Poster Session 6 · Friday, December 5, 2025 4:30 PM → 7:30 PM
#1912
Know What You Don't Know: Uncertainty Calibration of Process Reward Models
Abstract
Process reward models (PRMs) play a central role in guiding inference-time scaling algorithms for large language models (LLMs). However, we observe that even state-of-the-art PRMs can be poorly calibrated. Specifically, they tend to overestimate the success probability that a partial reasoning step will lead to a correct final answer, particularly when smaller LLMs are used to complete the reasoning trajectory.

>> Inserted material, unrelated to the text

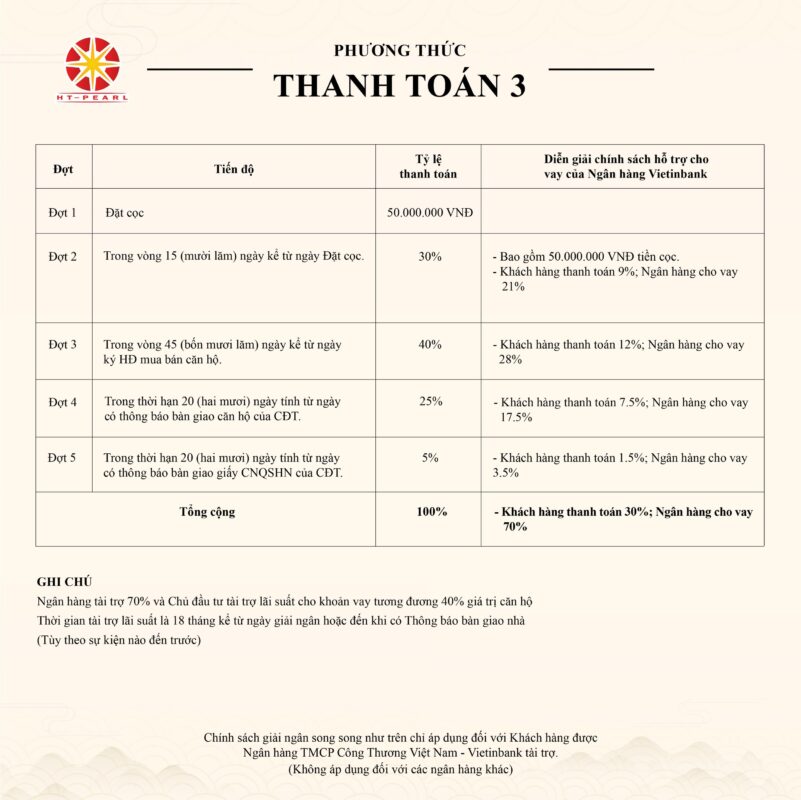 Lịch thanh toán HT Pearl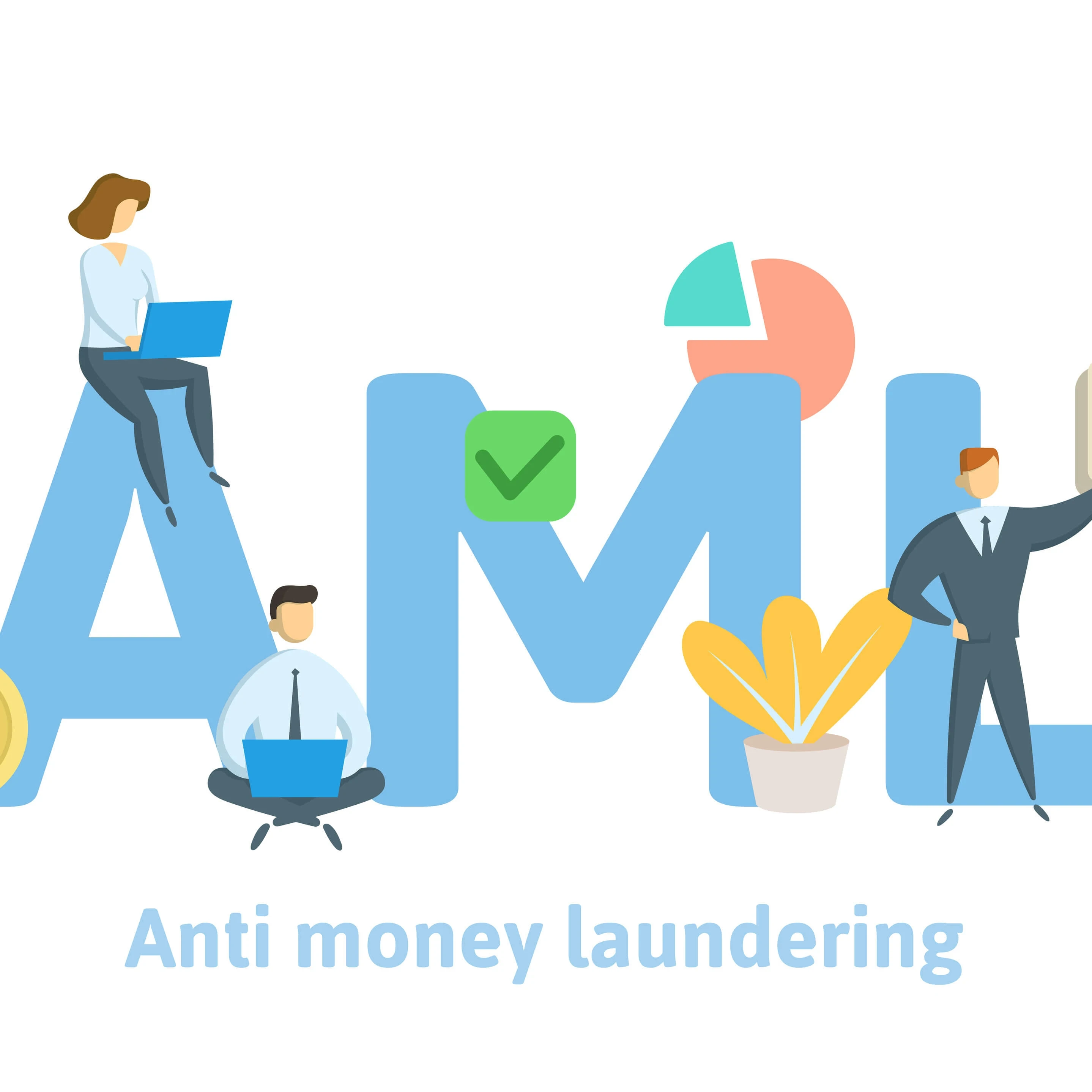 anti money laundering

To address this, we present a calibration approach—performed via quantile regression—that adjusts PRM outputs to better align with true success probabilities. Leveraging these calibrated success estimates and their associated confidence bounds, we introduce an instance-adaptive scaling (IAS) framework that dynamically adjusts the compute budget based on the estimated likelihood that a partial reasoning trajectory will yield a correct final answer.
Unlike conventional methods that allocate a fixed number of reasoning trajectories per query, this approach adapts to each instance and reasoning step when using our calibrated PRMs.
Experiments on mathematical reasoning benchmarks show that:
- our PRM calibration method achieves small calibration error, outperforming the baseline methods,
- calibration is crucial for enabling effective IAS, and
- the proposed IAS strategy reduces inference costs while maintaining final answer accuracy, utilizing less compute on more confident problems as desired.